> [DATA BLOCK]
>>>>>
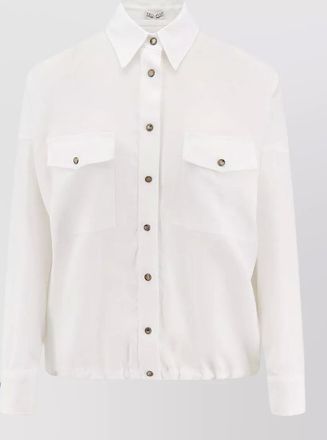 Brunello Cucinelli cotton shirt long sleeves drawstring hem pockets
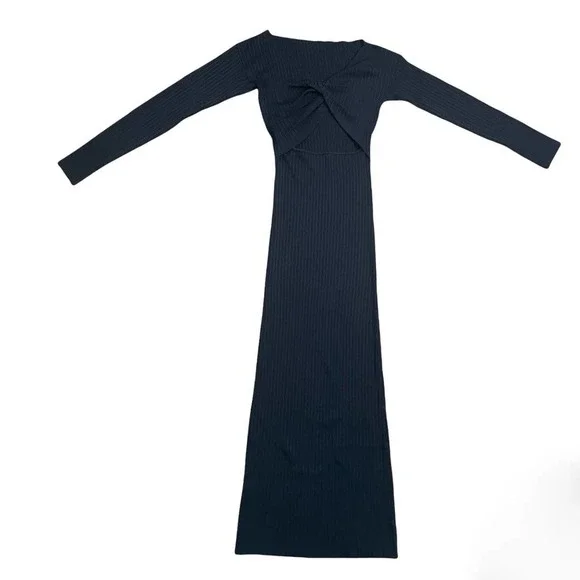 SIR The Label Black Kelvin Off The Shoulder Twisted Cut Out Ribbed Midi 1/S - Picture 5 of 9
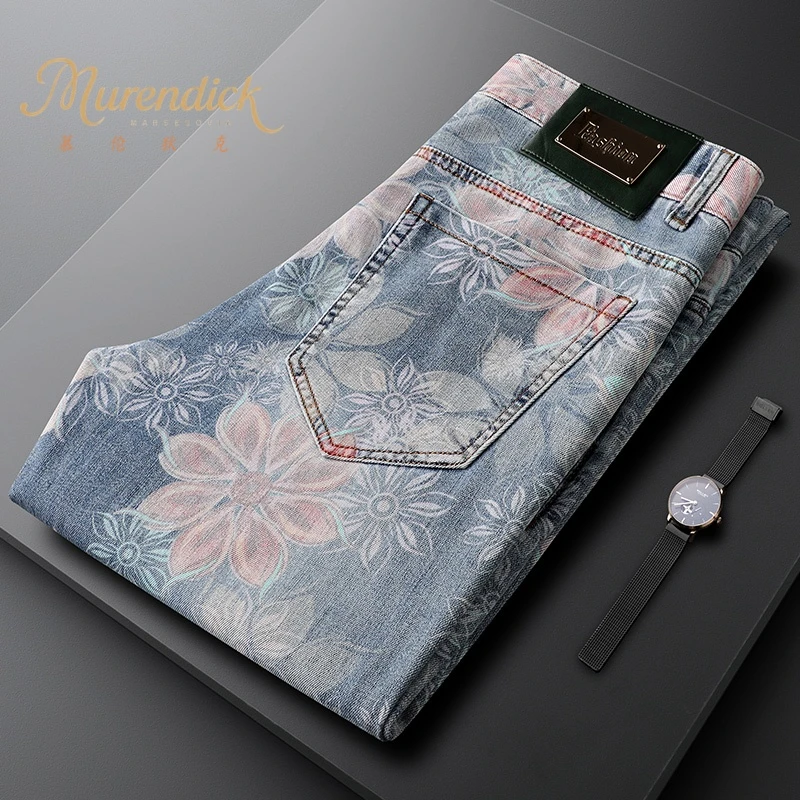 轻奢印花牛仔裤子男士修身小直筒裤2025年夏季新款男士彩色花裤子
<<<<<
> [WHAT THE TASK ASKS] Please return the lines above exactly, with the pictures omitted.

> [TASK RESPONSE]
 Brunello Cucinelli cotton shirt long sleeves drawstring hem pockets
 SIR The Label Black Kelvin Off The Shoulder Twisted Cut Out Ribbed Midi 1/S - Picture 5 of 9
 轻奢印花牛仔裤子男士修身小直筒裤2025年夏季新款男士彩色花裤子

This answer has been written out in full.